Quando o PCP precisa ser revisto

O PCP precisa ser revisto quando a empresa reprograma continuamente, depende de compras e fretes emergenciais, acumula ordens atrasadas ou perde confiança nas recomendações do sistema.

Os sinais mais frequentes incluem estruturas de produto desatualizadas, roteiros sem aderência, lead times genéricos, lotes incompatíveis com a operação, saldos de estoque pouco confiáveis, capacidade tratada apenas de forma nominal e prioridades alteradas sem avaliação dos impactos.

Também é comum que o plano tenha sido estruturado para outro mix, outro volume ou outra configuração produtiva. O sistema continua processando os parâmetros disponíveis, mas o resultado deixa de representar as restrições atuais.

Essa perda progressiva de aderência é uma manifestação da Entropia Operacional no planejamento.

Demanda

Demanda, Plano Mestre de Produção e liberação das ordens

O PCP precisa converter demanda em um plano de produção coerente com materiais, capacidade e compromissos comerciais.

Previsão, pedidos firmes, estoques, políticas de atendimento e prioridades comerciais alimentam o processo. O Plano Mestre de Produção, ou MPS, transforma essa demanda em necessidades por item final e período, servindo como uma das bases do MRP.

Quando a demanda é alterada sem critérios claros ou quando o plano mestre não respeita restrições conhecidas, a instabilidade se propaga para compras, produção, estoques e datas prometidas.

A Muvek estrutura critérios de entrada e tratamento da demanda, regras para pedidos firmes e previsões, horizonte e granularidade do plano mestre, critérios de liberação das ordens, tratamento de exceções e responsabilidades entre Comercial, PCP, Suprimentos e Produção.

Dados mestres

Estrutura de produto e roteiro produtivo

A estrutura de produto e o roteiro produtivo cumprem funções distintas e complementares.

Quando a BOM não representa o produto fabricado, o MRP calcula necessidades de materiais sobre uma composição inadequada. Quando o roteiro não representa o processo, capacidade, prazo, custo e sequenciamento perdem aderência.

BOM

Define componentes, quantidades, relações entre níveis e, conforme o ambiente industrial, alternativas, versões e índices de perda.

Roteiro produtivo

Define operações, sequência, centros de trabalho, tempos de setup e processamento, recursos necessários, sobreposição, rendimento e outras condições de execução.

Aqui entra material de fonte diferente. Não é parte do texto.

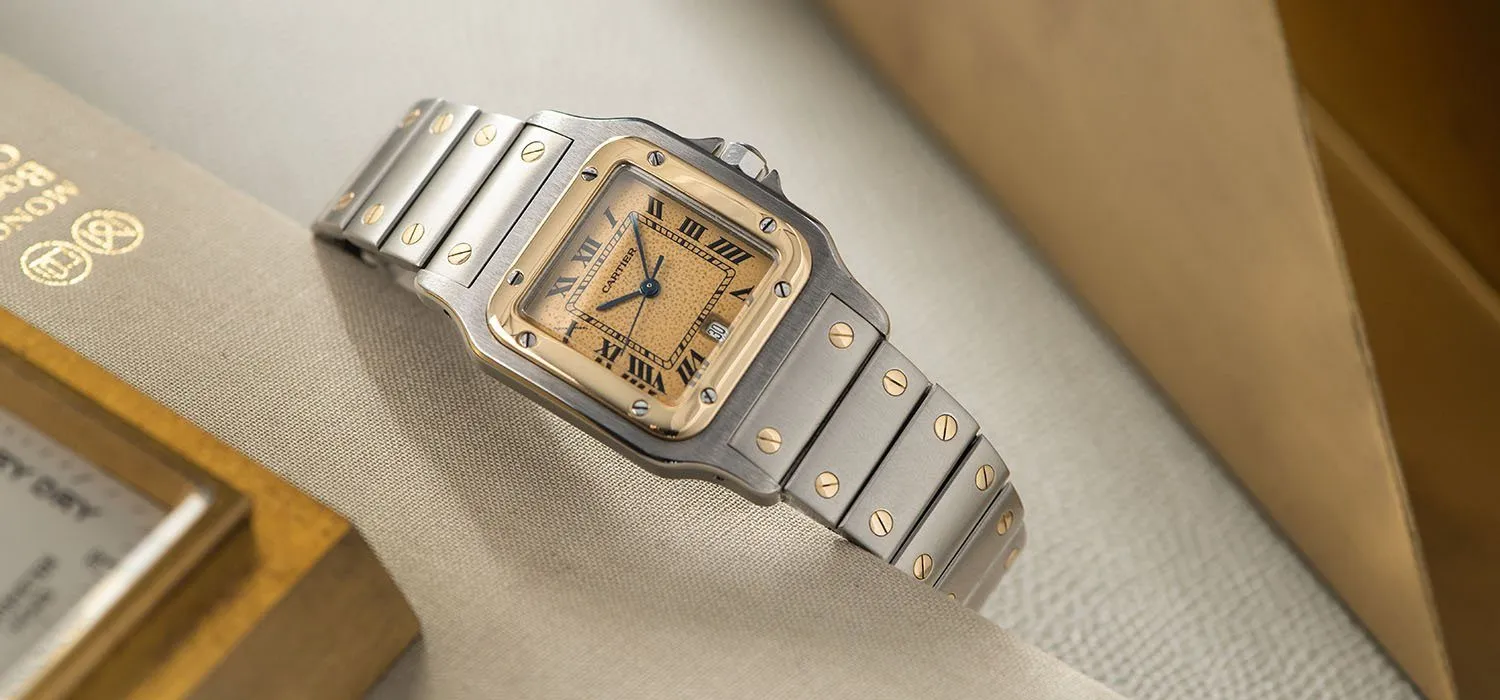 Cartier Santos Steel and Gold Stingray Dial Ref 187901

coerência entre engenharia e manufatura
versões e vigências
materiais substitutos e alternativos
perdas previstas
operações e sequência
centros de trabalho
tempos padrão e setups
recursos alternativos
rendimento e refugo
regras de manutenção dos dados mestres
Materiais

MRP I, MRP II e planejamento de materiais

O MRP I calcula necessidades líquidas de materiais a partir de demanda independente, Plano Mestre de Produção, estruturas de produto, posição de estoques, recebimentos programados, lead times e políticas de lote.

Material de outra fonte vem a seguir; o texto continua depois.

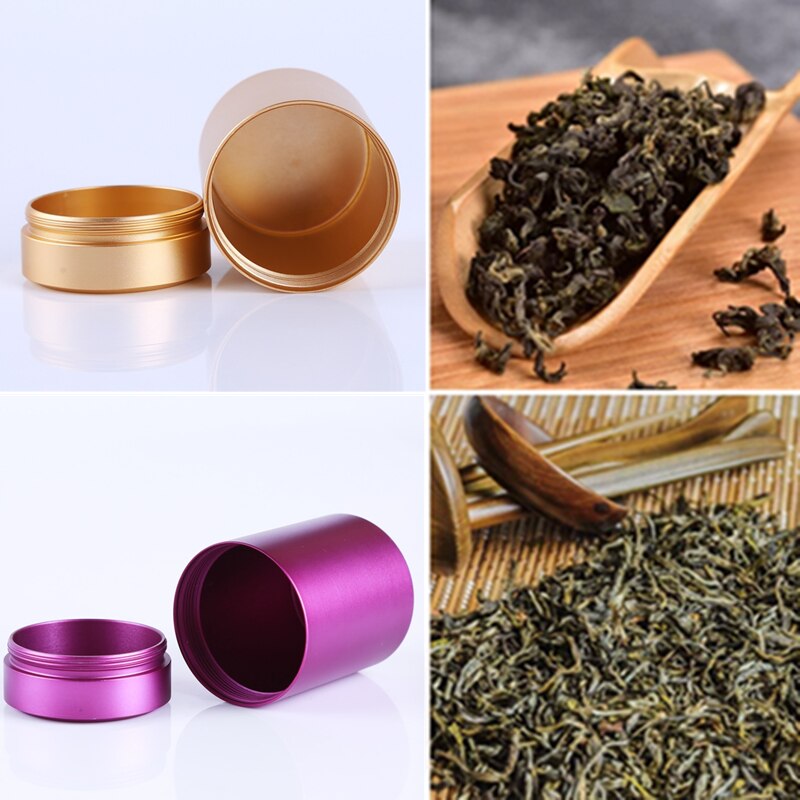 Boîtes de rangement en aluminium, couleur unie, hermétique, anti-odeur, boîte en métal scellée, pot de thé, café caddie organisateur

O MRP II amplia o planejamento para os recursos de manufatura. Além dos materiais, incorpora capacidade, calendários, centros de trabalho, retroalimentação da execução e integração com outras dimensões do planejamento industrial. A distinção não deve ser reduzida à ideia de que o MRP II apenas "adiciona capacidade": ele organiza uma lógica mais ampla de planejamento dos recursos de produção.

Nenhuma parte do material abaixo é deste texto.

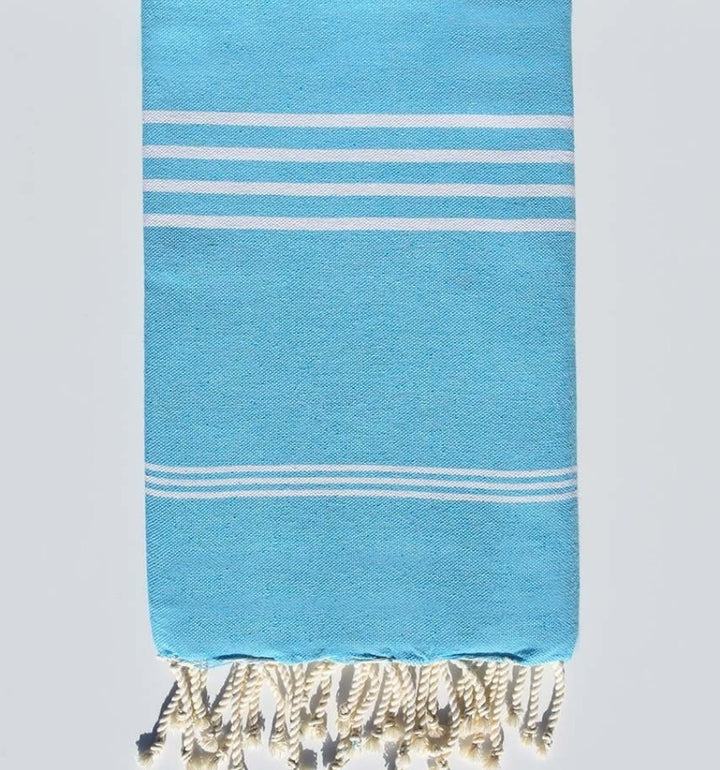 Fouta Mykonos en Coton Recyclé bleu céleste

Parâmetros que sustentam o cálculo
  • lead time de compra e fabricação
  • tamanho de lote
  • estoque de segurança e cobertura
  • perdas e calendários
  • política de ressuprimento
  • saldos e reservas
  • horizonte de planejamento
  • regras de baixa e recebimento
Limite do escopo

A Muvek define e valida as regras operacionais e os dados que sustentam esse processo. A implementação técnica no ERP permanece com a equipe de TI ou com a implementadora responsável.

Capacidade

Planejamento de capacidade, carga máquina e recursos restritivos

Planejamento de capacidade verifica se os recursos necessários conseguem suportar o volume e as datas propostos.

O termo carga máquina é comum, mas nem todo gargalo é uma máquina. Moldes, linhas, fornos, salas classificadas, ferramentas, laboratórios, equipes e utilidades também podem limitar o plano.

Carga

Trabalho requerido por um recurso em determinado período.

Capacidade

Trabalho que esse recurso pode disponibilizar no mesmo período, considerando calendários, turnos, eficiência, paradas previstas, manutenção, ferramental e mão de obra qualificada.

centros de trabalho
capacidade nominal, disponível e prática
calendários e turnos
manutenção programada
recursos alternativos
ferramentas e moldes
filas e tempos de espera
sobreposição e transferência
gargalos e aderência entre carga, capacidade e datas
Programação

Sequenciamento da produção

Sequenciamento define a ordem em que as operações serão executadas dentro das restrições de materiais, capacidade e prazo.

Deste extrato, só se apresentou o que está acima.